On our code page, we provide scripts for data generation, performance evaluation for the k-nearest neighbor (kNN), linear regression, and the optimal Bayes rule. Additionally, we demonstrate how to create performance plots as displayed.

Example 1

Let’s look the performance plots derived from two datasets generated by Example 1. The x-axis represents the degree of freedom. T

Performance plot for Example 1

The red curve indicates the test error, while the blue dashed line indicates the training error, for different k values in kNN. For instance, k=1 corresponds to a DF of 200, and k=200 ccorresponds to a DF of 1. The blue dashed line indicates the training error for kNN.

The two triangles, red and blue, denote the test and training errors for the linear model, respectively. They are plotted at a DF of three because, in a two-dimensional setting like ours, the linear model requires estimation of two slope parameters and an intercept.

The purple line traces the Bayes error, a benchmark derived using the true data-generating process. There’s no training involved; we simply compute the Bayes error on the test data.

You may notice slight differences in the plots when datasets vary. Yet, some patterns persist. As complexity increases, training error generally reduces, while test error initially remains steady but rises due to over-fitting at advanced stages.

Interestingly, close examination reveals that the linear model and kNN with a small DF (or equivalently large k value), and the Bayes rule perform quite comparably. This suggests that the optimal decision rule is within the capacity of the linear model. The linear model’s ability to approximate the optimal Bayes rule is not unexpected. In fact, we have shown in previous section that the optimal decision boundary for Example 1 is indeed linear with respect to X.

Example 2

However, our second example tells a different story. Its performance plot reveals a wider gap between optimal performance and the linear model.

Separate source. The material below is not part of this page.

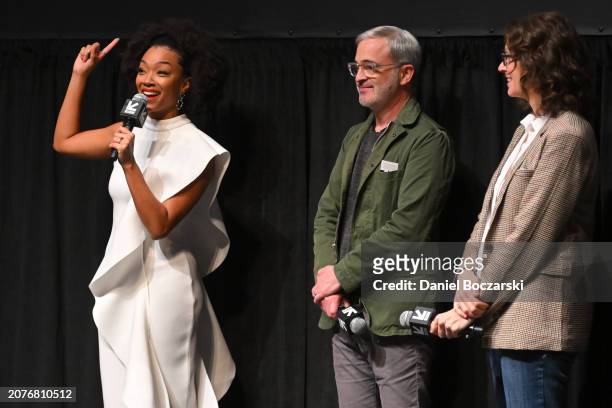 Sonequa Martin-Green, Co-Showrunners and Executive Producers Alex Kurtzman and Michelle Paradise introduce the "Star Trek: Discovery" final season...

This is attributed to the non-linear nature of the optimal decision rule for this example.

Performance plot for Example 2

For kNN, we notice a consistent pattern of declining training error as model complexity grows. It exhibits a U-shaped test error, indicating an optimal kNN somewhere within this curve. However, even for kNN, a gap exists between it and the optimal decision rule. For an in-depth discussion on this simulation study and comparisons between kNN and linear regression, refer to Chapter 2 of “Elements of Statistical Learning.”

While examining these performance plots, it’s important to be aware that the demonstrated effectiveness of kNN might be overstated. For instance, one might be tempted to point the test performance at k=7 (corresponding to DF = 29) as the performance of kNN, since it’s the smallest test error among all k choices. However, such an optimistic performance isn’t feasible in real-world applications, where the perfect k value would be unknown, given our lack of access to the test data.

A more realistic approach is to use cross-validation. Given a training dataset, various k values are tested and the corresponding cross-validation errors for each are recorded. These errors guide the selection of the optimal k value, which can then be employed to evaluate test errors. In your upcoming coding assignment, you will be asked to implement this cvKNN technique.

Summary

To summarize, linear regression operates on a strong linear assumption. In our simulation, where X is two-dimensional, we estimate only three parameters, leading to low variance for the linear regression model. However, it might possess high bias if the actual function isn’t linear.

On the other hand, kNN assumes only local smoothness, implying nearby points should yield similar responses. It generally has low bias and can fit many functions, making it consistent. For kNN to remain consistent, though, the neighborhood size (k) can’t remain constant; it must also grow, albeit at a slower rate than the sample size. This results in a high variance for kNN, but with proper bias and variance control, kNN can deliver excellent performance under the right conditions.